Geographer Peirce Lewis sums it up: New Orleans is "impossible" yet "inevitable." He means that if a city's situation is good enough, people will improve its site--no matter the costs. New Orleanians historically have done this by segregating spaces: at first not socioeconomically or racially but environmentally. In New Orleans there are spaces for nature: outside the levees or within the canals leading from the city. And there are spaces for human endeavors: within town. People here, nature there. The idea is simple, its execution impossible.

For now, water in the city seems under control again, back where people want it: in showers stripping away lingering grime, in strong coffee and confined behind the levees. Still, there's danger. Facing the challenge of rebuilding, New Orleans seems stuck in the mud--not just mired in the muck caking the city but also trapped by centuries of policy mistakes, especially the fantasy that it can be separated from its surroundings. This notion has been as destructive as the worst flood, and as difficult to avoid.

The people charged with rebuilding New Orleans seem enthralled by this mirage. They serve on committees--Mayor Ray Nagin's and Governor Kathleen Blanco's--with overlapping purviews and dubious authority. But despite their rivalries, the committees agree on at least one point: Levees must be top priority. Scott Cowen, Tulane University's president and part of Nagin's commission, suggests that without better levees other proposals--"world-class public education," improved housing, burnishing the city's "cultural ambience"--will be pointless. Andy Kopplin, executive director of the governor's panel, concurs: "We have to rebuild levees first, so people believe they're safe." To anyone familiar with the city's ecological history, this sounds like a recipe for more disasters.

From the first, New Orleanians augmented the levees. The project accelerated after an 1849 flood soaked the city for months. Federal authorities, alarmed by the inactivity of the nation's busiest port, sponsored two river studies. The first advocated multi-tiered flood control: levees, spillways and "reservoirs," swaths of wetlands acting like sponges. The second, penned by a future head of the Army Corps of Engineers, was more palatable at a time when wetlands were deemed wasteland. So began a policy known as "levees only." By 1900 New Orleans had levees taller than nearby houses. The river and lake had disappeared behind miniature mountains.

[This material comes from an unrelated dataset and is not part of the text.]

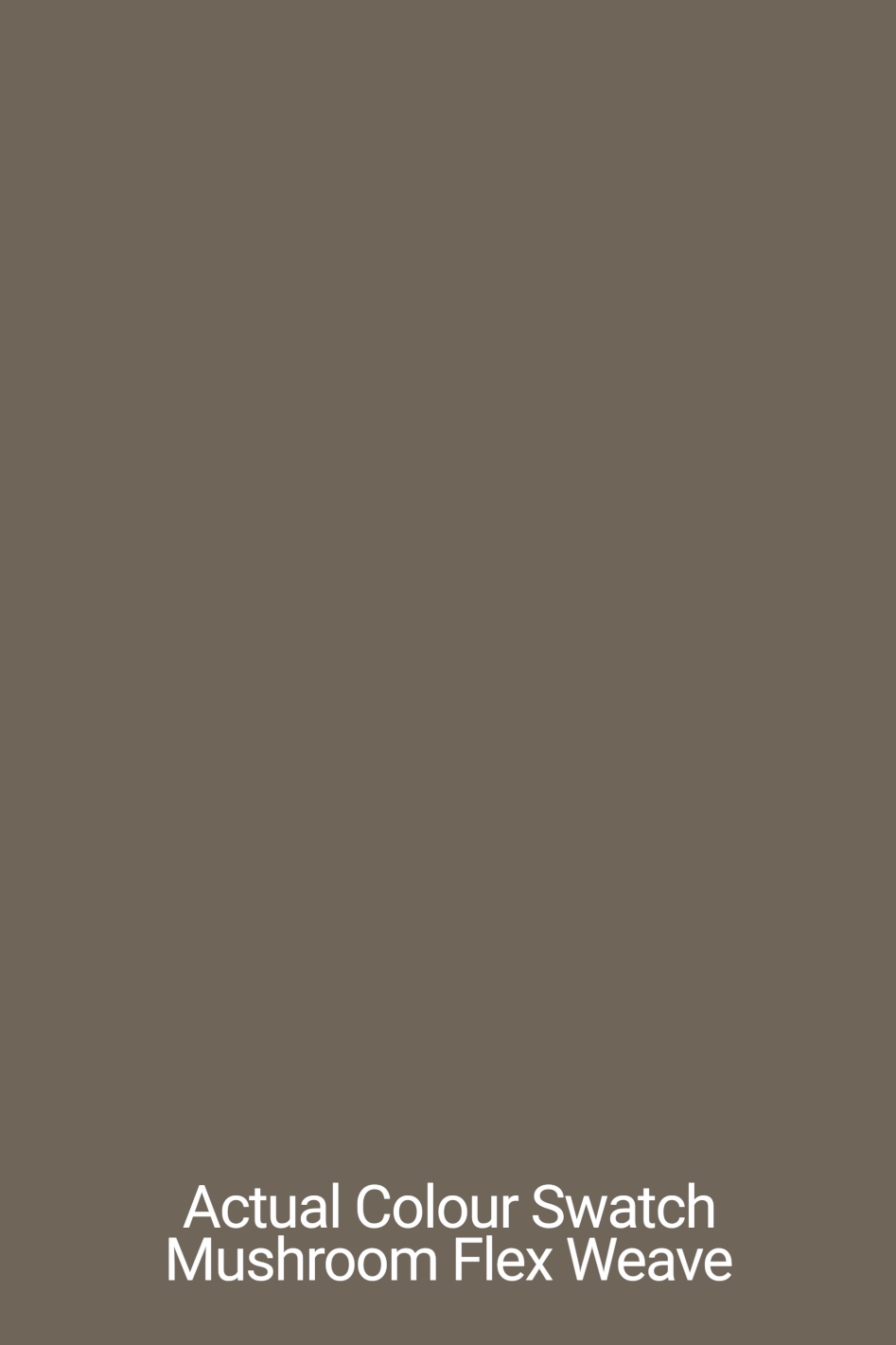 Mushroom Swatch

Just one problem: They didn't work. The river became more dangerous, and New Orleans less safe. With its water trapped behind levees, the Mississippi rose higher than ever. But you couldn't tell that to New Orleanians. Not even the huge 1927 flood fully changed their minds. That year the city dynamited a levee fifteen miles downstream, lowering the engorged river and destroying Plaquemines and St. Bernard parishes. The city had purchased its safety by sacrificing its poorer neighbors. (This event has fueled rumors in the Ninth Ward, where some residents and evacuees believe the levee fronting their district was destroyed after Katrina to protect wealthier, whiter areas.)